§ **DESCRIPTION OF THE TASK**
Beneath this instruction is a block of data; output from it exactly the lines that run from the one containing "Vogel's FVW3347 Video" through the one containing "Impulse Slimline Desk Cantilever Leg", inclusive.

§ **THE DATA**

^^^^^^^^

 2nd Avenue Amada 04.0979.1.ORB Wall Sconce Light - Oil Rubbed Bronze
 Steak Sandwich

^^^^^^^^

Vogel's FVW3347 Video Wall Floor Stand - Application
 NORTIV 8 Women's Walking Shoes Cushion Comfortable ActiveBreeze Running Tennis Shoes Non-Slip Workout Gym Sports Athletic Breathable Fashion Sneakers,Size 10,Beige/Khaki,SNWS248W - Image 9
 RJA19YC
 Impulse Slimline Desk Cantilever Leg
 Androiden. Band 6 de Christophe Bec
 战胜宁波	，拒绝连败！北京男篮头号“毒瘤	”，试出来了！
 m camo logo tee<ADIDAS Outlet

^^^^^^^^

§ **ANSWER SPACE**
Vogel's FVW3347 Video Wall Floor Stand - Application
 NORTIV 8 Women's Walking Shoes Cushion Comfortable ActiveBreeze Running Tennis Shoes Non-Slip Workout Gym Sports Athletic Breathable Fashion Sneakers,Size 10,Beige/Khaki,SNWS248W - Image 9
 RJA19YC
 Impulse Slimline Desk Cantilever Leg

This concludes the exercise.